Senator for Halifax, Nova Scotia
- In office January 2, 2009 – February 9, 2012
- Appointed by: Stephen Harper

Personal details
- Born: July 4, 1937 Glace Bay, Nova Scotia, Canada
- Died: February 9, 2012 (aged 74) Truro, Nova Scotia, Canada
- Party: Conservative
- Spouse: Kaye Dickson
- Committees: Senate Committee on National Finance and Senate Committee on Energy, the Environment and Natural Resources

= Fred Dickson =

Canadian politician

Fred Dickson (July 4, 1937 - February 9, 2012) was a Canadian lawyer, politician, and a Conservative member of the Senate of Canada.

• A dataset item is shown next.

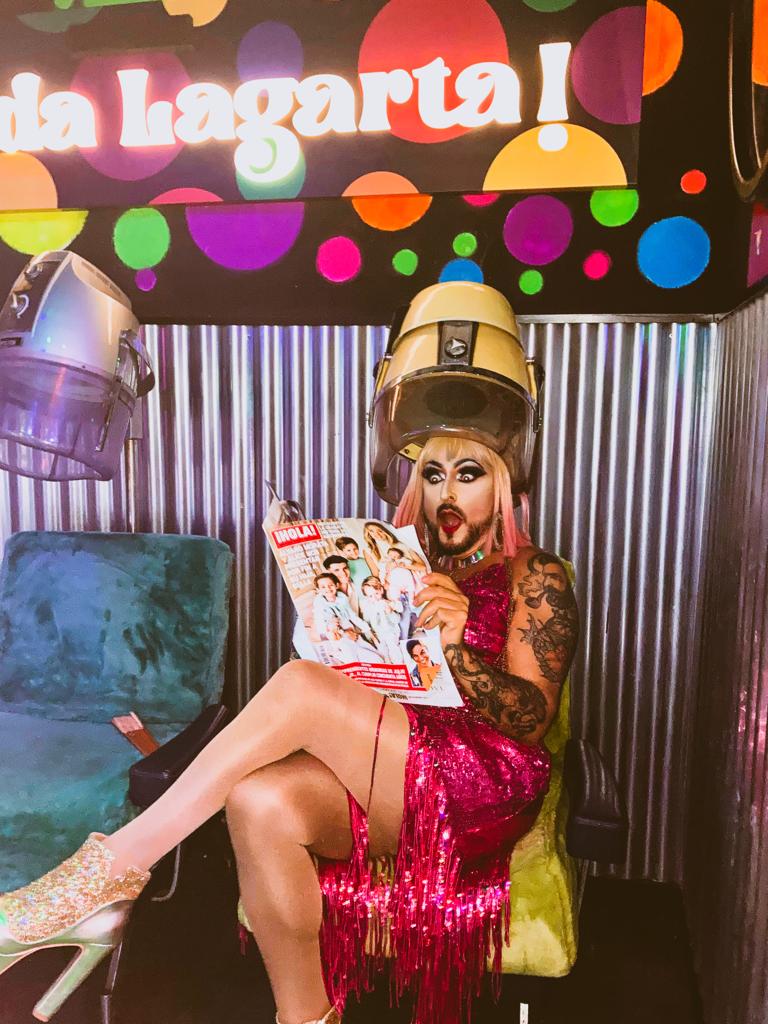 ChichiMontesa's tweet photo. ¡Ay cariño!, como buena ahorradora me espero a ir a la peluquería de @menudalagarta para leer las revistas, aunque vaya con un par de días de retraso… ¡anda!, ¡que se ha muerto Lady Di!😳
#gay #gayalicante #dragqueen #dragqueer #dragshow #pride #dragqueenshow #beardeddragqueen https://t.co/8sPrAcs34q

Dickson was appointed on the advice of Stephen Harper to the Senate on January 2, 2009.

==Career==
He was counsel with the law firm of McInnes Cooper and has advised the federal and provincial governments on numerous resource and infrastructure projects, including serving as an advisor to the Government of Nova Scotia under Premier John Buchanan during the signing of the 1982 and 1985 Canada/Nova Scotia Offshore Oil and Gas Agreements. He was a director of the Offshore/Onshore Technologies Association of Nova Scotia and Canadian Council for Public-Private Partnerships.

He died on February 9, 2012, after a four-year battle with colon cancer.